Analysing malicious traffic

wolfric

Router picks up quite the collection of port scans and dos attempts etc. I'm interested in logging it and generating statistics. I was thinking of forwarding all traffic that isn't wanted to a dmz server with a honeypot or just general statistics running. Obviously I want to make especially sure if I set this up that it isn't going to become vulnerable. Wouldn't it be the icon of shame if I actually left something unpatched or setup the firewall wrong and ended up letting people in.

http://nepenthes.carnivore.it/ Here's something that came up at hope this year. I was thinking setting up something similar. It emulates a vulnerable server and collects data on attacks.

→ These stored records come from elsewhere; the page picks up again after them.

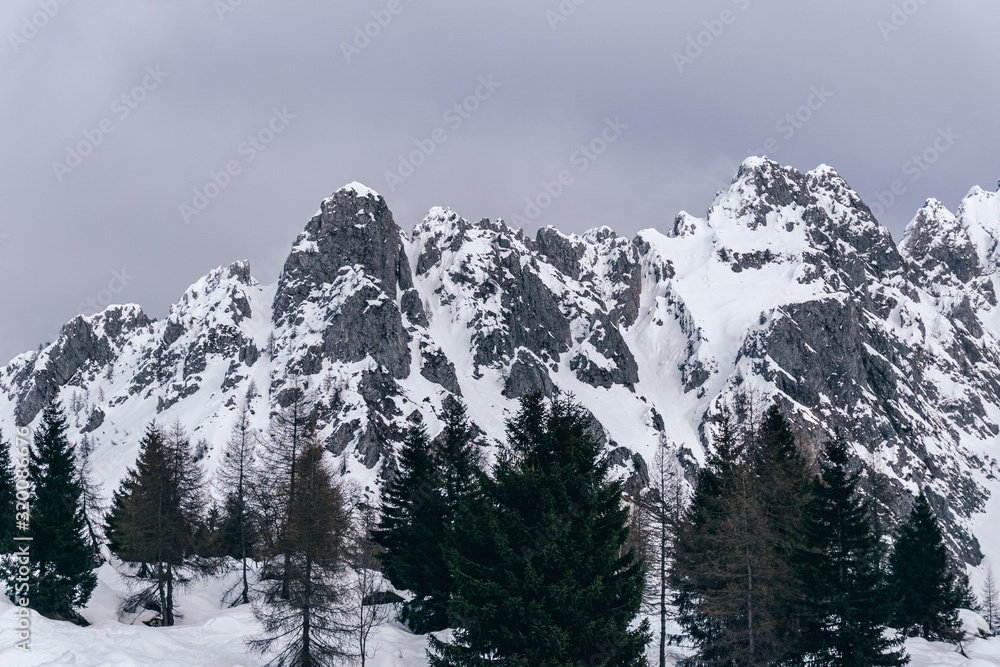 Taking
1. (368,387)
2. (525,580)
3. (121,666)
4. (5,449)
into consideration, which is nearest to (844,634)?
(525,580)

Anyone have any alternatives as well as advice and experience on the matter?

rfrederick

There are of couple of tools I can think of, though I haven't actually played with them yet. First is honeyd from the Honeynet Project (http://www.honeynet.org/project). honeyd has rather low interactivity with malicious traffic that it captures. The Honeynet Project also offers a number of highly interactive honeypot offerings as well, such as Honeywall. Another is Damn Vulnerable Linux (http://damnvulnerablelinux.org), a live CD Slackware-based distro that offers vulnerable and misconfigured versions of common *nix services (Apache, Tomcat, MySQL, etc.). It's primarily intended as a teaching tool for vulnerability exploitation and analysis, but sometime this week a honeypot module will be added on that logs malicious traffic to a remote server (while hiding the fact) and can dynamically escalate privileges as much as the user desires when malicious activity is detected.

Gavin

With respect to setting up the honeypot, it should be fairly straightforward to setup the firewalling and dmz. Run it in a VM, run your packet sniffer on a separate machine preferably, or on the host OS. If using linux, log syslog data to a remote machine, or if you want to go totally nuts, log it to a line printer for the ultimate in paper wastage and reliable records.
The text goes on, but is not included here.